- TASK DIRECTIONS
Keep the wording of every entry exactly as it is while leaving the pictures out of your copy.

MATERIAL SUPPLIED START

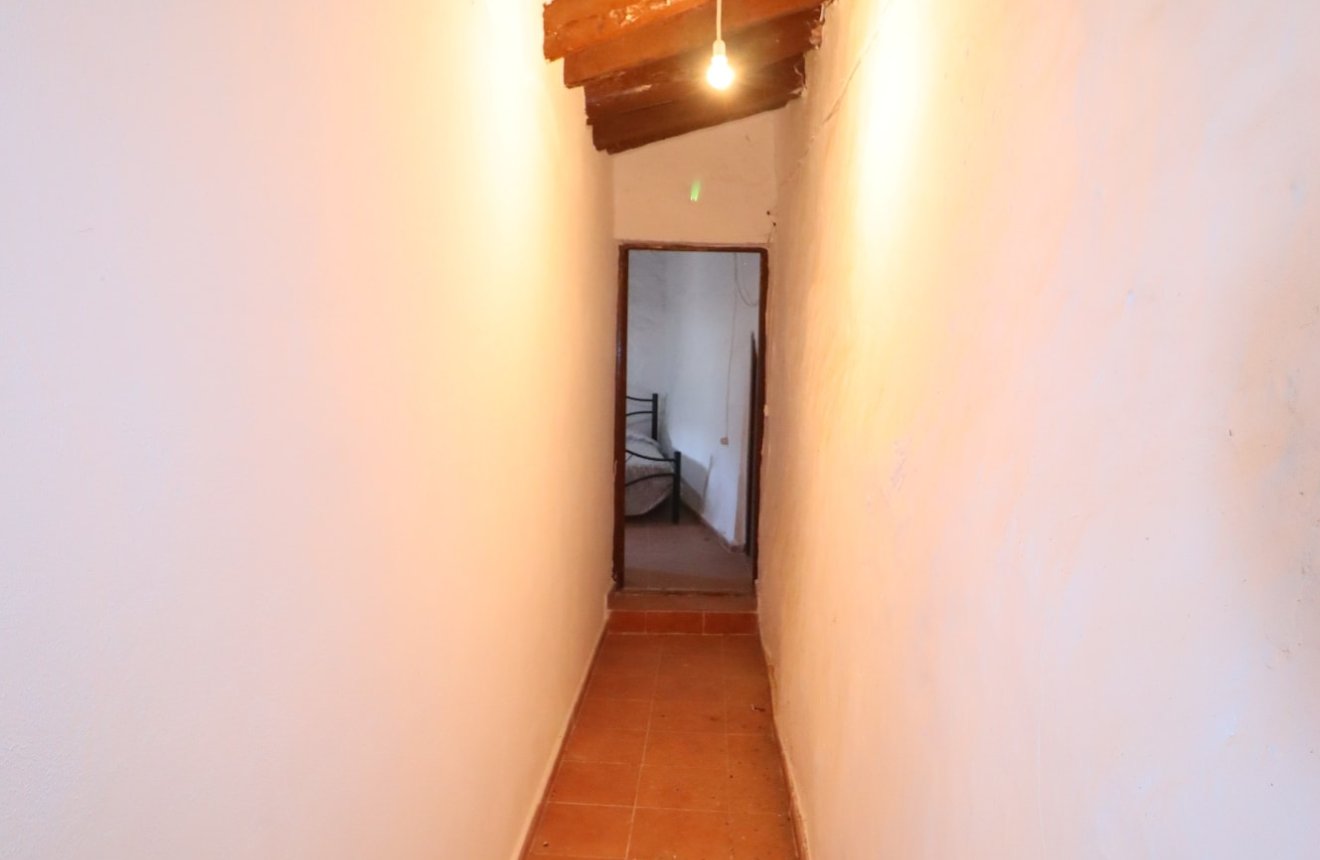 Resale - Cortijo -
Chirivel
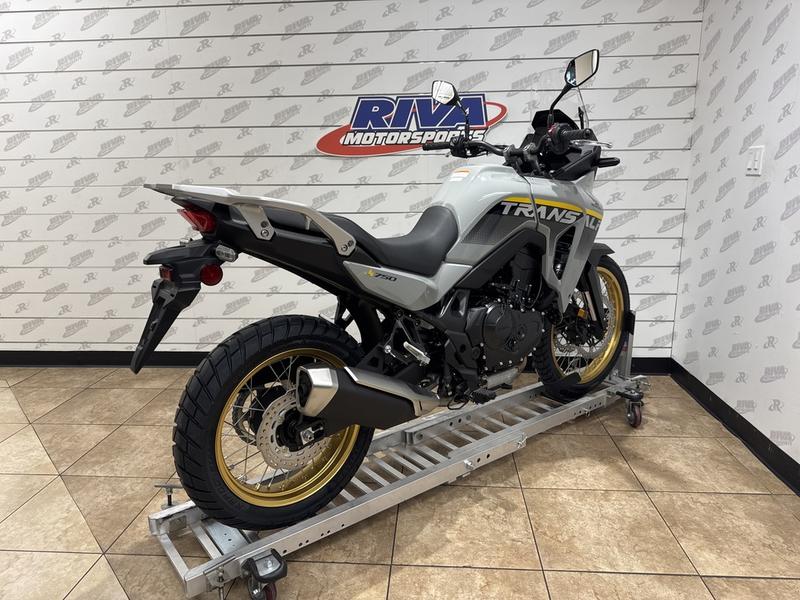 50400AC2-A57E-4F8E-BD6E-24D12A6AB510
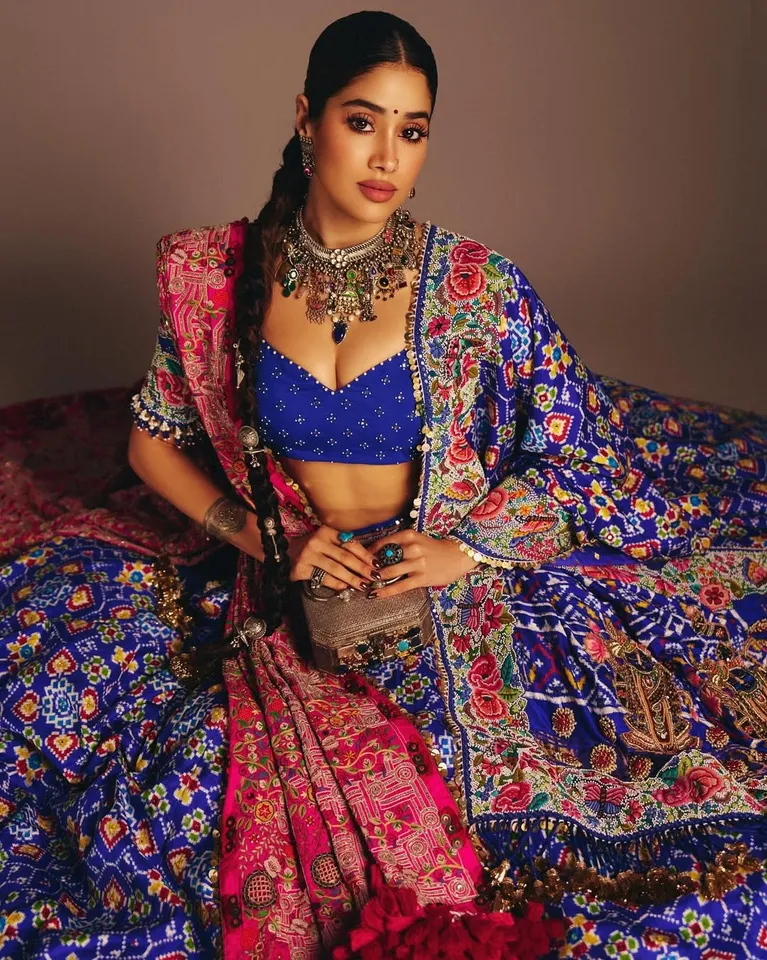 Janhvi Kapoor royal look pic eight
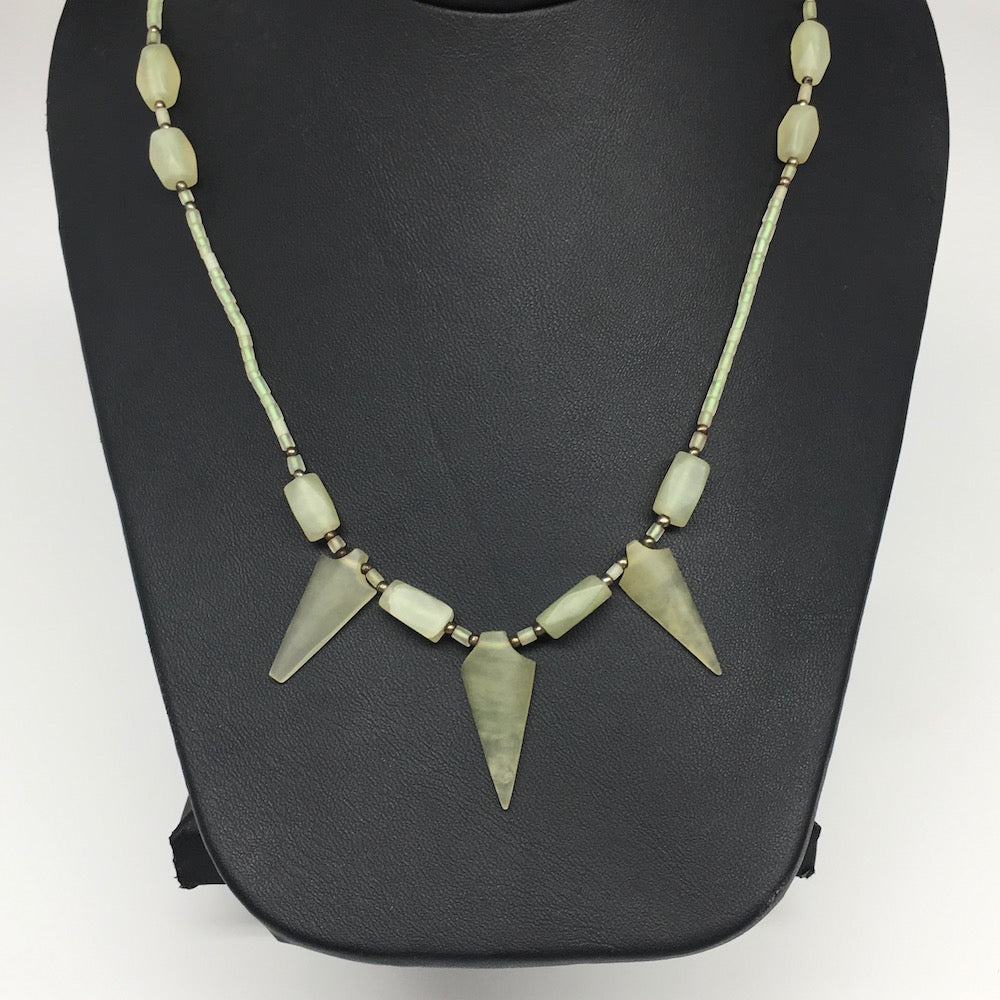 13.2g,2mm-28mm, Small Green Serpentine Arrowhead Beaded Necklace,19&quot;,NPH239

MATERIAL SUPPLIED END

- RESULT OF THIS EXERCISE
 Resale - Cortijo -
Chirivel
 50400AC2-A57E-4F8E-BD6E-24D12A6AB510
 Janhvi Kapoor royal look pic eight
 13.2g,2mm-28mm, Small Green Serpentine Arrowhead Beaded Necklace,19&quot;,NPH239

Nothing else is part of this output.